Soil Association pone delle nuove linee guida per i prodotti biologici importati
Sono ormai molti anni che nei paesi anglosassoni si discute animatamente di Food Miles, ovvero di quanti chilometri compie un prodotto prima di passare dalla fase produttiva a quella di consumo. L'impatto dei trasporti sulla produzione degli alimenti è uno dei motivi che ha portato, negli anni, molte critiche nel settore del commercio equo solidale, ma anche del biologico quando questo ha dimostrato, in alcuni casi, di aver perso quell'attaccamento alla filiera corta che dovrebbe caratterizzare una produzione che voglia ambire ad essere ecosostenibile.

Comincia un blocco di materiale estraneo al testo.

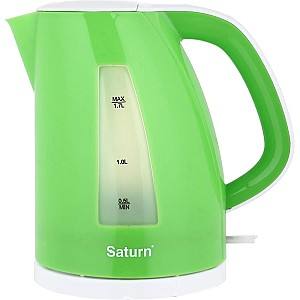 Электрочайник Saturn ST-EK8436U Green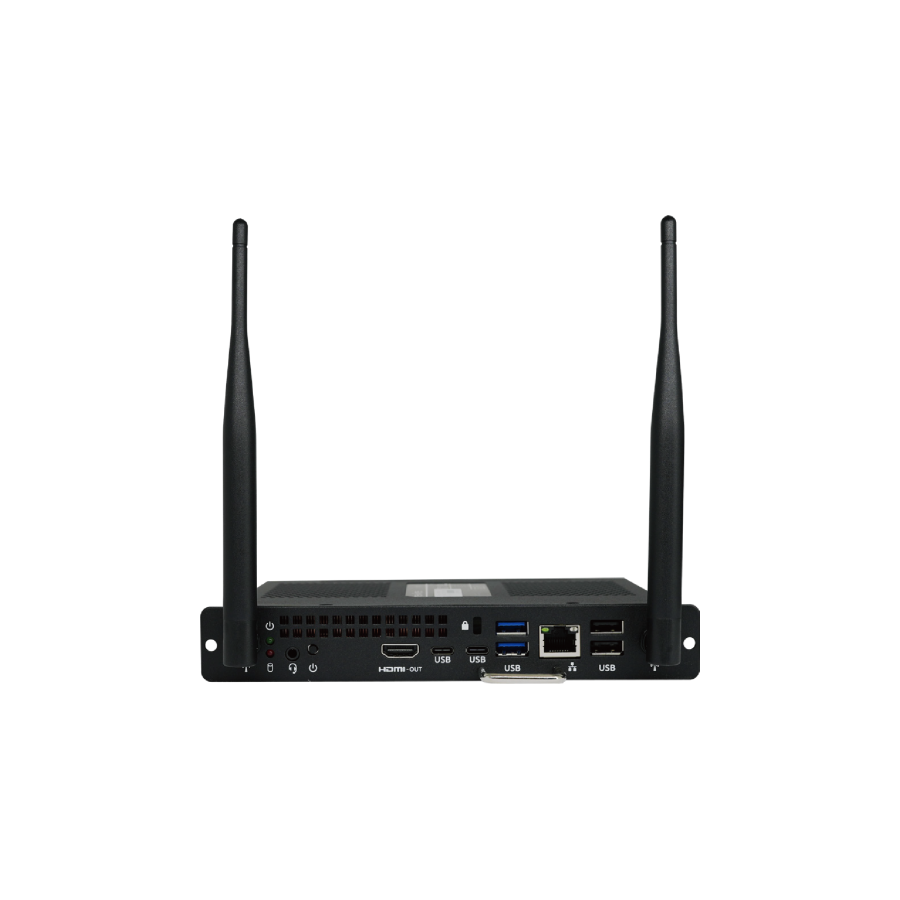 16392-NEWLINE OPS PC (WB5C820W) 12TH GEN INTEL CORE I5-1240P, 8GB (4GBX2) RAM , 256GB SSD, Wi-Fi 6 & BLUETOOTH 5.2, HDMI 16392-NEWLINE OPS PC (WB5C820W) 12TH GEN INTEL CORE I5-1240P, 8GB (4GBX2) RAM , 256GB SSD, Wi-Fi 6 & BLUETOOTH 5.2, HDMI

Ho fatto questa breve premessa per arrivare alla decisione presa nei giorni scorsi da Soil Association, la maggiore organizzazione britannica che si occupa di agricoltura biologica, e che si può tranquillamente ricondurre al concetto di Food Miles. Soil Association infatti, nel corso del suo congresso ha stilato un documento in cui definisce importanti linee guida per il futuro, prima fra tutte la decisione di negare il marchio "bio" ai prodotti che, pur se ottenuti senza l'ausilio di prodotti chimici, vengono importati per via aerea.
“Nonostante i prodotti bio trasportati via aerea siano veramente pochi” scrive l'associazione “crediamo che ci sia un'urgente necessità di contribuire alla riduzione dei gas serra per combattere i cambiamenti climatici”. Secondo studi governativi compiuti sull'intero ciclo di vita dei prodotti, l'agricoltura biologica richiede dal 15% al 30% in meno di energia per la fase produttiva, e la decisione di Soil Association rientra quindi nel tentativo più esteso di ridurre l'impatto della produzione e della distribuzione, e le sue eventuali conseguenze sul pianeta.